BinBerliner has asked for the wisdom of the Perl Monks concerning the following question:

I'm trying to write a client to grab data from . I have created a test account called "JohnSmith" with password "test". The first get_url() below works as expected but the second one always "fails". What do I mean with fail? The HTML returned includes the text "Da Sie zu lange inaktiv waren, wurde Ihre Sitzung beendet. Bitte laden Sie erneut die Startseite." This means, "Because you were inactive for too long then your sitting has been ended. Please load the start side again". This is my first attempt to write a robot... Any ideas what I'm doing wrong?
use strict; use LWP::UserAgent; my $hdrs = new HTTP::Headers(Accept => 'text/plain', User-Agent => 'IE +/5.0'); my $ua = new LWP::UserAgent; get_url(' +siUXoQo7uGcUZ6T6Hjs&page=loginp&nickname=JohnSmith&password=test&x=0& +y=0'); get_url(' +t&nickname=JohnSmith&?id=1-d24-fL6sAsiUXoQo7uGcUZ6T6Hjs&x=13&y=9'); sub get_url() { my $url2get = shift @_; my $url = new URI::URL($url2get); my $req = new HTTP::Request('GET', $url, $hdrs); my $resp = $ua->request($req); if ($resp->is_success) { printf "Good %s",$resp->content;} else { printf "Bad %s",$resp->message;} }
  • Comment on Problem with LWP, frames, login, and parent.main.location.replace()
  • Download Code

Replies are listed 'Best First'.
Re: Problem with LWP, frames, login, and parent.main.location.replace()
by merlyn (Sage) on Mar 02, 2001 at 22:41 UTC
    My guess is that there's some sort of state checker being used, such as a cookie or a hidden field, or if they're pretty dumb, the referer string.

    You'll probably need to note if any cookies are being sent back from the login request, or if there's a hidden field in the response form. Cookies can be managed nearly painlessly with HTTP::Cookies. Forms can be extracted from the response with HTML::Form.

    -- Randal L. Schwartz, Perl hacker

Solution for your problem with LWP, frames, login, and parent.main.location.replace()
by arhuman (Vicar) on Mar 02, 2001 at 23:32 UTC

    I've slightly modified (messed) your code and it works now...
    Or at least it seems to work,
    (My german doesn't allow me to be 100% affirmative)
    I've printed the last reached page for you can check it.

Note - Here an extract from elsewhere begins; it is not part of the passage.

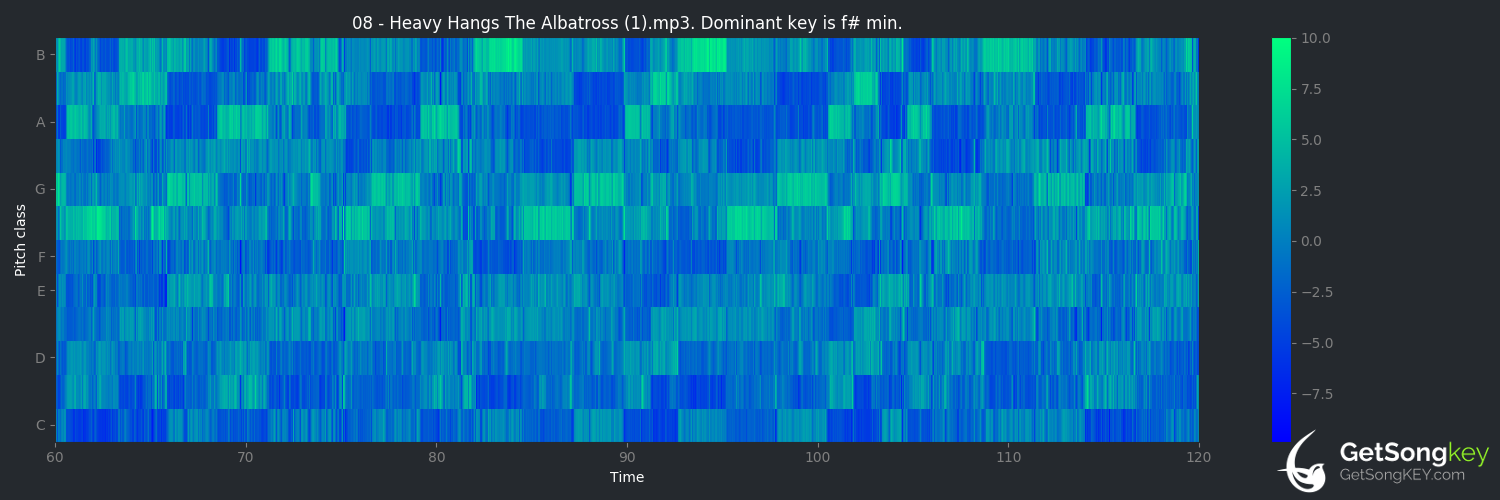 song key audio chart for Heavy Hangs the Albatross (Alesana)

    Take note of the 'id' parameter passed on the url when you connect to the site.
    It's a 'session id', It changes with each connexion.
    when you use an 'id' that you got long before (and the password associated to this 'session id' the session is no longer valid, and you get the message telling 'you haven't been connected for too long' (Or something like that, my german isn't what it was supposed to be.))

    BTW your User Agent is not a valid one
    (something like :
    "Mozilla/4.0 (compatible; MSIE 5.0; Windows 98; DigExt)"
    is more common)
    and in this case is useless.

    I've leaved the debugging code (printing MATCH)
    to show you that the id value changes every time...

    the regex are ugly (please japhy don't hit me hard) but were just done to test it. In a real code you'll have to harden them...
    use LWP::UserAgent; my $hdrs = new HTTP::Headers('Accept' => 'text/plain', 'User-Agent' => + 'IE/5.0'); my $ua = new LWP::UserAgent; $page=get_url(''); if ($page=~ /content="\d+;url=([^"]+)/m) { print "\n\n*********MATCH($1)*******\n\n"; $page=get_url("$1"); } else { print "redirect not found !"; } if ($page=~ /location.href="([^"]+)"/s) { print "\n\n*********MATCH2($1)*******\n\n"; $page=get_url("$1&page=loginp&nickname=J +ohnSmith&password=test&x=0&y +=0"); } else { print "redirect not found !"; } print $page; if ($page=~ /main.location.replace\("([^"]+)"/s) { print "\n\n*********MATCH3($1)*******\n\n"; $page=get_url("$1&page=loginp&nickname=J +ohnSmith&password=test&x=0&y +=0"); } else { print "redirect not found !"; } print $page; sub get_url() { my $url2get = shift @_; my $url = new URI::URL($url2get); my $req = new HTTP::Request('GET', $url, $hdrs); my $resp = $ua->request($req); if ($resp->is_success) { return $resp->content;} else { return $resp->message;} }
      Okay. So now I extract the ID from a previous page containing javascript and paste it into the subsequent URLs that I want to get, and... it works! Looks like the ID does change for every session. Thanks for clearing this up guys. I know nothing about server side CGI development but by fiddling on the client side then slowly but surely I'm learning more about the sneaky things that the server side can get up to... :-)
Re: Problem with LWP, frames, login, and parent.main.location.replace()
by Masem (Monsignor) on Mar 02, 2001 at 23:01 UTC
    As merlyn points out, it's probably a state checker. looking at the long id parameter in both URLs, I would suspect that that's an obfuscated code that included the time when the code was generated; the server can determine if the time now and the time the code was generated was recent enough to allow the request. This is basically what I'm building into a site with some dynamic and restricted content to prevent bookmarking or linking to such content, but also to protect those users that might be using shared machines (so if a malicious user on that machine finds my site in the history logs, they won't be able to access the previous user's session unless they log in again).

    Probably in the case of this first script, being logged in may not be a necessity and thus the code is ignored.

      I thought about that. The code does seem to change depending upon the browser one uses but apparently not with time or any special tricks like that. I checked this by simply going with my regular browser to the URLs...